Oh, this is nice. I’m outside.
I’M OUTSIDE! WOO!
Yes, I’m outside, with my friend, like a real lady and I am going to have some lunch. A lunch date! Oh, I’m on a lunch date with my friend like I’m a real, live, normal person. This is fantastic.
She’s been talking. My friend is definitely talking right there. I should probably pay attention.
Man, it’s pretty outside. I forgot how nice life is when you’re around it. Look at all these people, just having lunch. Enjoying their day. People all look so pretty and happy and nice. These people all look so nice.

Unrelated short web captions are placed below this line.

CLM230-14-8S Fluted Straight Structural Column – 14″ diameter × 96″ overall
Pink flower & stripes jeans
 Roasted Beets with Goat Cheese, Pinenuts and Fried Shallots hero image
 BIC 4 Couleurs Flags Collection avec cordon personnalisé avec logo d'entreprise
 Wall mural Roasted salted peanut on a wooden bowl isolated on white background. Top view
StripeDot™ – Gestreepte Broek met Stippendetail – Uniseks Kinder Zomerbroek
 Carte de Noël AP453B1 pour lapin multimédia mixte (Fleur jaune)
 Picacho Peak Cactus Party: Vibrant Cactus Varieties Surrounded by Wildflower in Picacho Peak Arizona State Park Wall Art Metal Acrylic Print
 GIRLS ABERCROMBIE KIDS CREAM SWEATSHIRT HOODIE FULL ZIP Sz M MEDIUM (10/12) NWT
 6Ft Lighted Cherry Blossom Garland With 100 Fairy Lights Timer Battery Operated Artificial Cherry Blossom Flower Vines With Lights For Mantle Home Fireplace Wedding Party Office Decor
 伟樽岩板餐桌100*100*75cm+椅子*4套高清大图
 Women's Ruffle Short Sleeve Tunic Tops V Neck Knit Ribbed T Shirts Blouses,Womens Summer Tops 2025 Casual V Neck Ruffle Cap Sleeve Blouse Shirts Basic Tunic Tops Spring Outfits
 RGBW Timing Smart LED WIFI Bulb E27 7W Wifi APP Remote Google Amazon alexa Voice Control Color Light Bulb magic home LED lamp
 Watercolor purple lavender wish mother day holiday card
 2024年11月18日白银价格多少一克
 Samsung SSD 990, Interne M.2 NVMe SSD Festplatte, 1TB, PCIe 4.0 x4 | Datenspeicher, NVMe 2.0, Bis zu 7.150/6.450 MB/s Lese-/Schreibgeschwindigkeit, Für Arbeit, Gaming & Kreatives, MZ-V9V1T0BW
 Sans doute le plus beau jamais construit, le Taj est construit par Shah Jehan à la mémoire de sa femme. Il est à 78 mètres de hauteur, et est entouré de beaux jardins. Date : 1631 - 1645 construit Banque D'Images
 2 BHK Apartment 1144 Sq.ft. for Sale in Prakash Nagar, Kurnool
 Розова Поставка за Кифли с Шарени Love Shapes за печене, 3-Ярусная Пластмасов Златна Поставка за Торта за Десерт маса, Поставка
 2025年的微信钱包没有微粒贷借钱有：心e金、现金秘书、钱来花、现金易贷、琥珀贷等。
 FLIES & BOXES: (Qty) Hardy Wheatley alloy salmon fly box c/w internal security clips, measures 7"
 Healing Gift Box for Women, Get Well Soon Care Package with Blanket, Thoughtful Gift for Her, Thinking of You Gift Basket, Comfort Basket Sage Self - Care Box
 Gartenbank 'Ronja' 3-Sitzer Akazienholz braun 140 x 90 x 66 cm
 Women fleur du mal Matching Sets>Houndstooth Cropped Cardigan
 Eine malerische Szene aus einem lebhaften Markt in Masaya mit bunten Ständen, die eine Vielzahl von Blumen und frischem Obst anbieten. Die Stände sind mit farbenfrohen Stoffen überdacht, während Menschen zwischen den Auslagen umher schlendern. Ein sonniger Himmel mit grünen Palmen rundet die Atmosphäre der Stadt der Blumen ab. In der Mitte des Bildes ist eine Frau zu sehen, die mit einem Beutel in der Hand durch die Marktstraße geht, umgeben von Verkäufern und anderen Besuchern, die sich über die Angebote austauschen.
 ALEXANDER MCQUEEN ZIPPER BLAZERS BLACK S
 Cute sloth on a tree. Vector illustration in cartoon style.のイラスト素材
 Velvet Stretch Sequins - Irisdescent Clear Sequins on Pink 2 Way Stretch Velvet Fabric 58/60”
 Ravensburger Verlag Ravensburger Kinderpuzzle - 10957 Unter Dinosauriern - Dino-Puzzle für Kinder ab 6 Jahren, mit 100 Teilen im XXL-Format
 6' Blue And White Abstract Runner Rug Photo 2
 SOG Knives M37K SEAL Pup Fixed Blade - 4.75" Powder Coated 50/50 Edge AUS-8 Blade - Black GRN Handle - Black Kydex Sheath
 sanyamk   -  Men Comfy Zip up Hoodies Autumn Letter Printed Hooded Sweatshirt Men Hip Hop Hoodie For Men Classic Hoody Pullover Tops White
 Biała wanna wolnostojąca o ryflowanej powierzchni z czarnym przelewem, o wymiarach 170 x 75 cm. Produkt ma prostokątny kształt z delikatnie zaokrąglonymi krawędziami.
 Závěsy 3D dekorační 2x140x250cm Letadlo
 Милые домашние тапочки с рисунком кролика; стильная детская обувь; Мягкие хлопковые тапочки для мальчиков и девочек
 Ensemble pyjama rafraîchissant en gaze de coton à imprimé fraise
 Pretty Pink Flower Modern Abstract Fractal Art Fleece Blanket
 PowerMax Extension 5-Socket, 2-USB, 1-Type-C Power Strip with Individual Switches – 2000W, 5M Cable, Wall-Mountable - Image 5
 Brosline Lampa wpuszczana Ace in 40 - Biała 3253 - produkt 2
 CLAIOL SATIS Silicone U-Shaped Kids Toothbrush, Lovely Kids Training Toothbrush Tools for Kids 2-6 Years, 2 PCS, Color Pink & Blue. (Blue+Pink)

I hope the baby is napping.
Can she see my breast pads through this shirt? I hope I look okay. I am almost positive I remembered to put on deodorant before I left. I could check the app to see if the baby is still asleep, but —
NO. I will NOT check the app! This is MY TIME and there’s nothing I can do if the baby is awake anyway, because I’m way over here, enjoying my lunch with my friend like everybody else gets to do and I should do because I’m still a person.
“WHERE IS BABY?”
This is the text I get, several times a day now, from all over the country. Sometimes it pops up on a Facebook window. Sometimes it’s just a subject line of an empty email.
“WHERE IS BABY?”
As if I’ve hidden the child somewhere, confused Christmas for Easter and hidden this ripened egg under a rock in a field. Like I’m lying to them all and I’m waiting until Baby’s First Tooth before I spill any details.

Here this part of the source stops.